Math, asked by sakshipatil55555555, 1 month ago

If m times the mth term of an A.P is equal to n and nth term then show that the (m+n)th term of the A.P. is zero .​

Answers

Answered by DrNykterstein
98

Correct Question :-

If m times the mth term of an A.P is equal to n times the nth term. Show that the (m+n)th term of the A.P. is zero

Given :-

  • m times mth term = n times nth term

To Prove :-

  • The (m + n)th term of the AP is zero.

Solution :-

We know, nth term of an AP is of the form,

  • a + (n - 1)d

Where,

  • a = First term, d = Common difference
  • n = Integer

According to the question:

⇒ m × (mth term) = n × (nth term)

⇒ m { a + (m - 1)d } = n { a + (n - 1)d }

⇒ ma + (m - 1)md - na - (n - 1)nd = 0

⇒ ma - na + (m - 1)md - (n - 1)nd = 0

⇒ a(m - n) + d { m(m - 1) - n(n - 1) } = 0

⇒ a(m - n) + d(m² - m - n² + n) = 0

⇒ a(m - n) + d{ (m + n)(m - n) - m + n } = 0

⇒ a(m - n) + (m - n)d { (m + n) - 1 } = 0

⇒ (m - n) { a + (m + n - 1)d } = 0

⇒ a + (m + n - 1)d = 0

As discussed earlier, nth term of an AP is of the form a + (n - 1)d.
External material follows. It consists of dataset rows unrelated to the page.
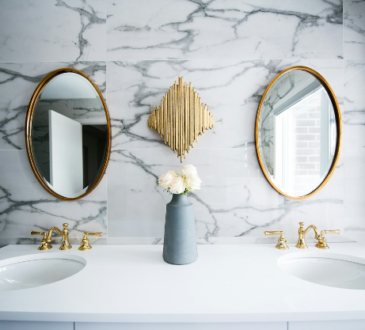 Exploring the Benefits of High-Tech Bathroom Fixtures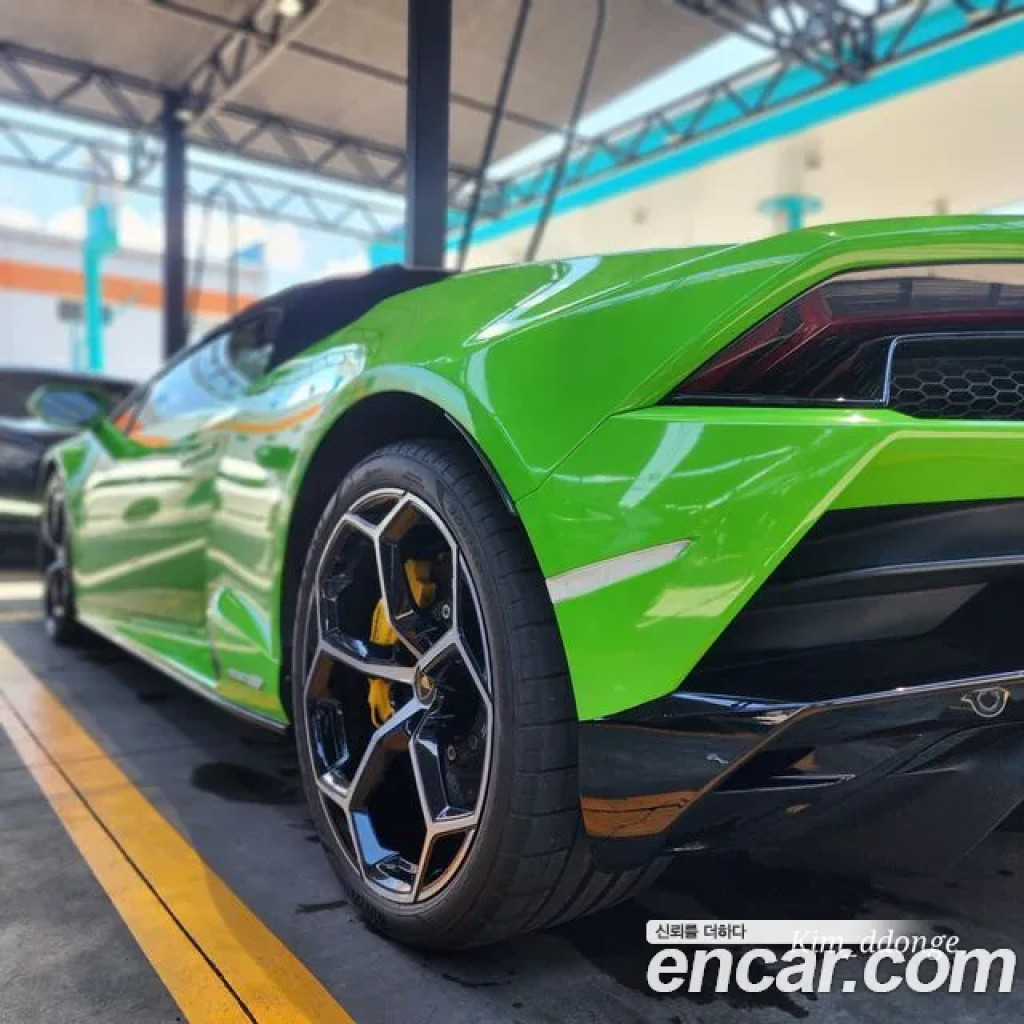 Lamborghini Huracan 2021 г.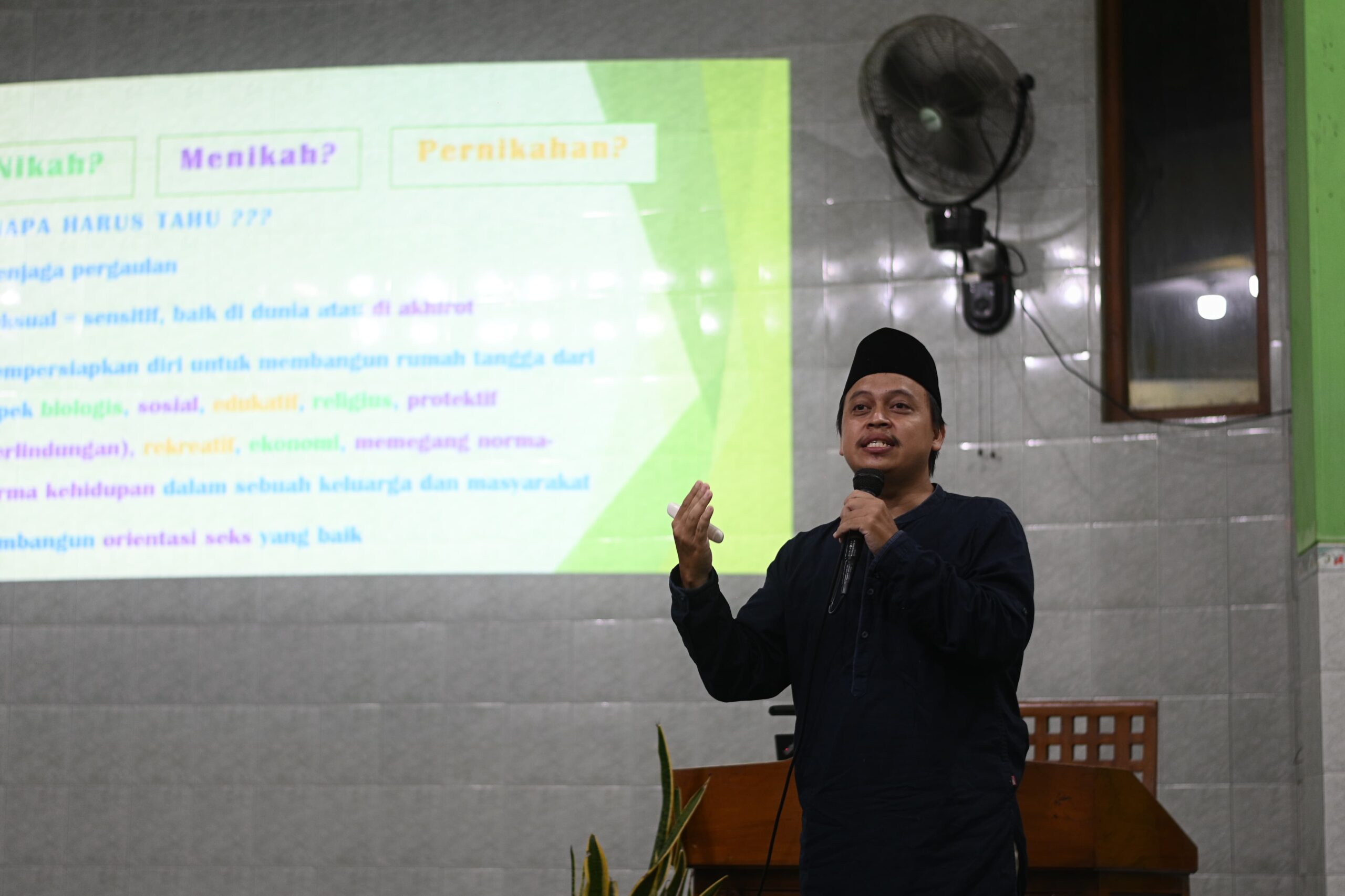 Pemaparan materi pentingnya komunikasi terbuka dan tahapan brainstorming pasangan.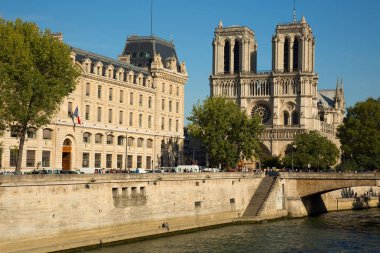 Katedralin manzarası Paris 'teki Notre dame de Paris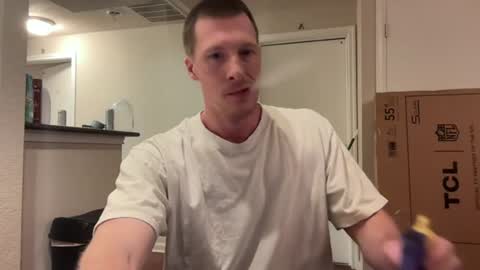 Im this ISH..CBs best male cam whore. OG. online show from August 2, 12:39 am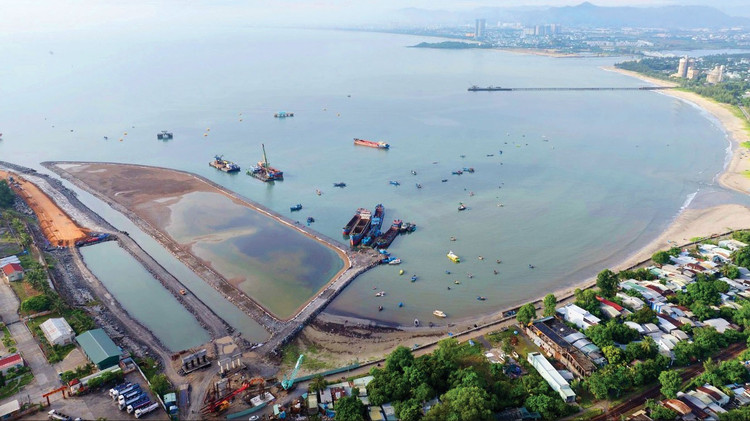 Dự kiến sẽ hình thành khu đô thị lấn biển tại vịnh Đà Nẵng, quy mô khoảng 1.428 ha, ngoài khơi đối diện đường Nguyễn Tất Thành. Ảnh: TN 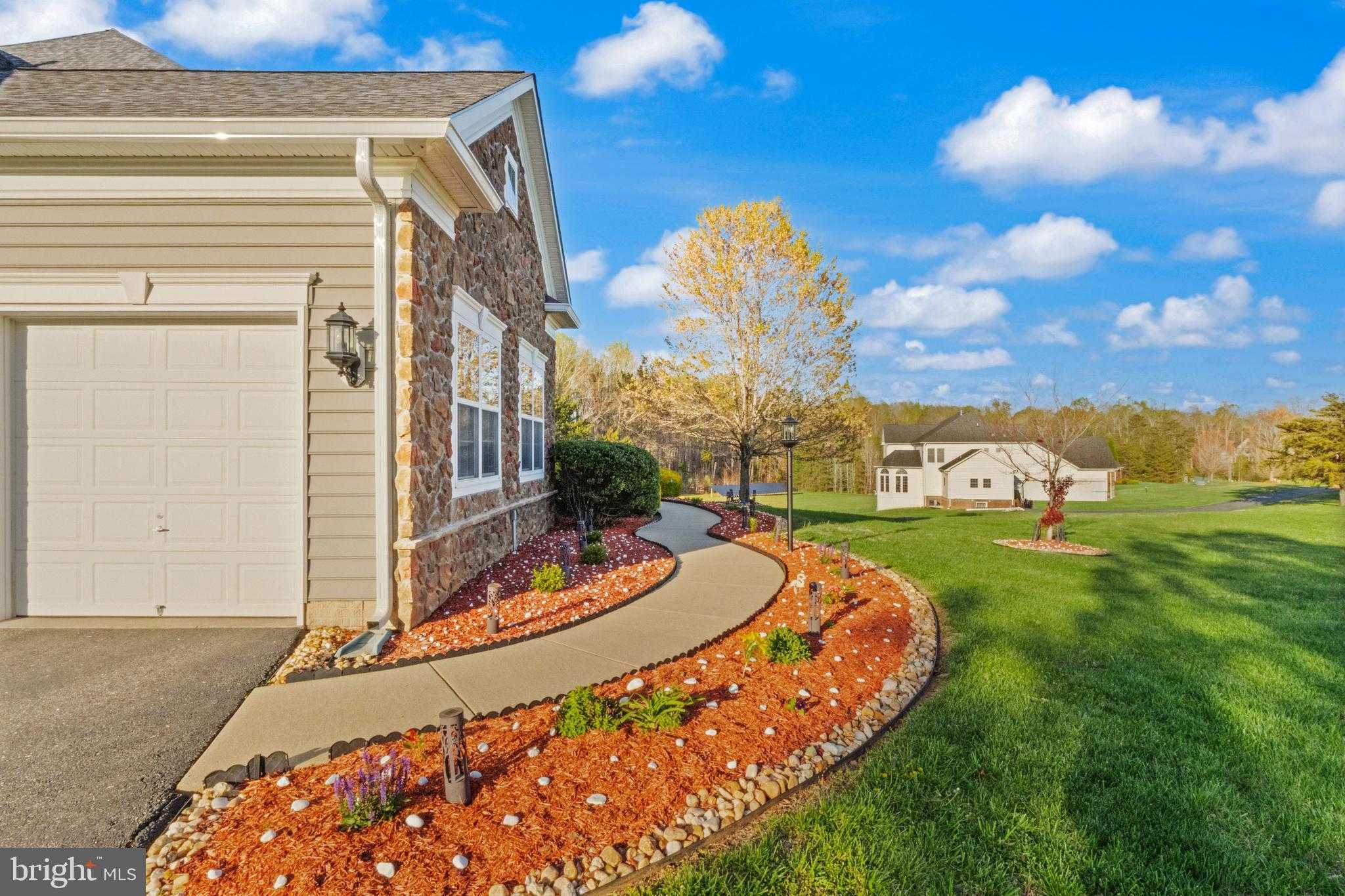 60 Snapdragon Dr photo 9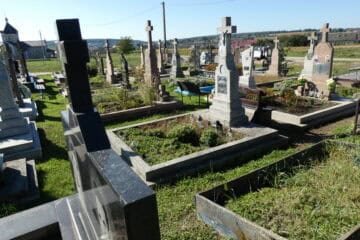 Могили на цвинтарі у Буцачі, історичний український цвинтар, пантеон пам'яті померлих.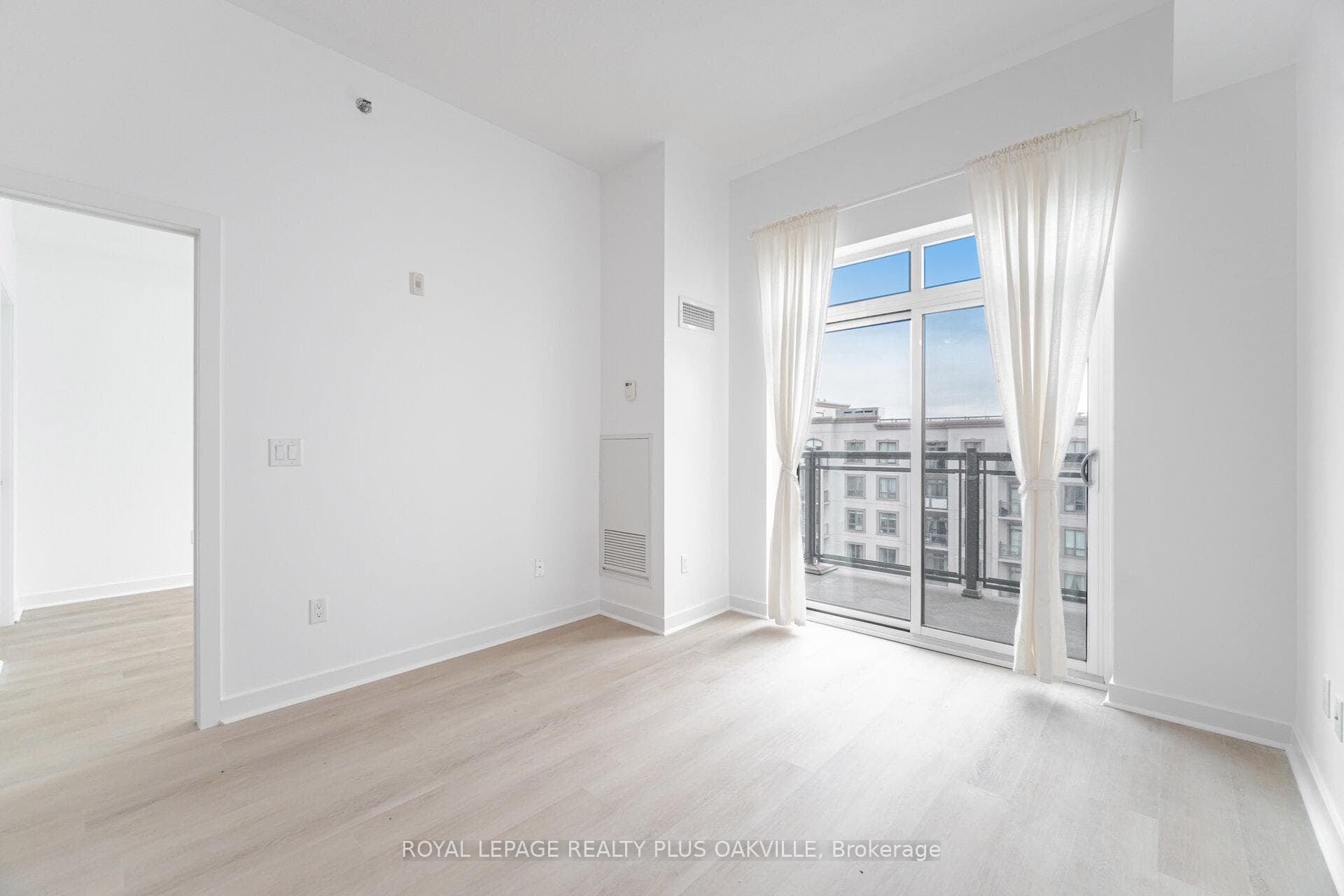 2486 Old Bronte Road Unit 804 photo 17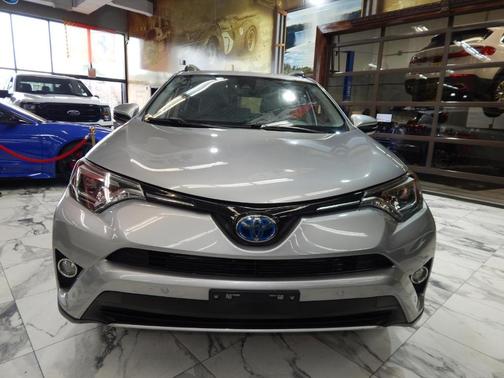 2017 Toyota RAV4 Hybrid Limited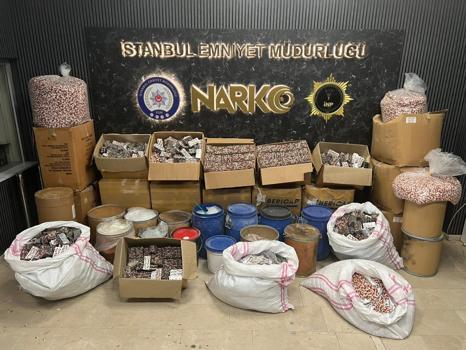 Büyükçekmece'de uyuşturucu operasyonunda gözaltına alınan 2 şüpheliden 1'i tutuklandı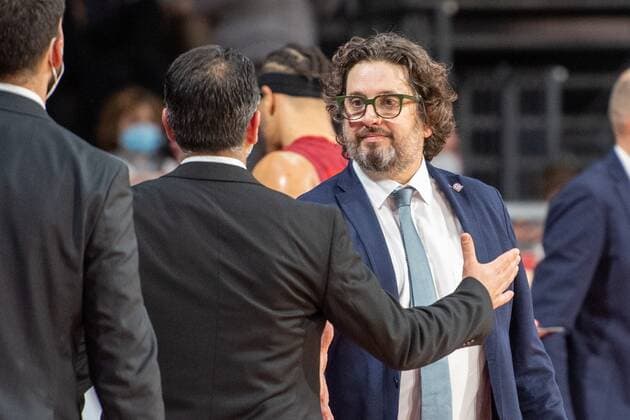 Head Coach Andrea Trinchieri FC Bayern verbaschiedet from Head Coach Ioannis Sfairopoulos Maccabi Fox Tel Aviv , FC Bayern Basketball vs Maccabi Fox Tel Aviv, Euroleague, 03 02 2022 Muenchen Bayern Germany Copyright: xkolbert-press UlrichxGamelx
Here, n = m + n

Which means, (m + n)th term is zero.

Hence, Proved!

Some Information :-

  • An AP is a sequence of numbers where the difference between any two consecutive numbers is the same which is knowns as Common difference.
Answered by misscutie94
189

Answer:

Question :-

  • If m times the mth term of an A.P is equal to n and nth team then show that the (m + n)th term of the A.P is zero.

Given :-

  • If m times the mth term of an A.P is equal to n and nth term.

Show That :-

  • Then show that the (m + n)th term of the A.P

Solution :-

➻ m (a + (m - 1)d) = n (a + (n - 1)d)

➻ am + m²d - md = an + n²d - nd

➻ am - an + m²d - n²d - md + nd = 0

➻ a(m - n) + d(m² - n²) - d(m - n) = 0

➻ a(m - n) + d(m + n)(m - n) - d(m - n) = 0

➻ m - n{a + d(m + n - 1) } = 0

Now, rejecting the non - trivial case of m - n, we assume that m and n are different.

{a + d(m + n - 1) } = 0

The LHS of the above equation denotes (m + n)th term of the AP, which is zero.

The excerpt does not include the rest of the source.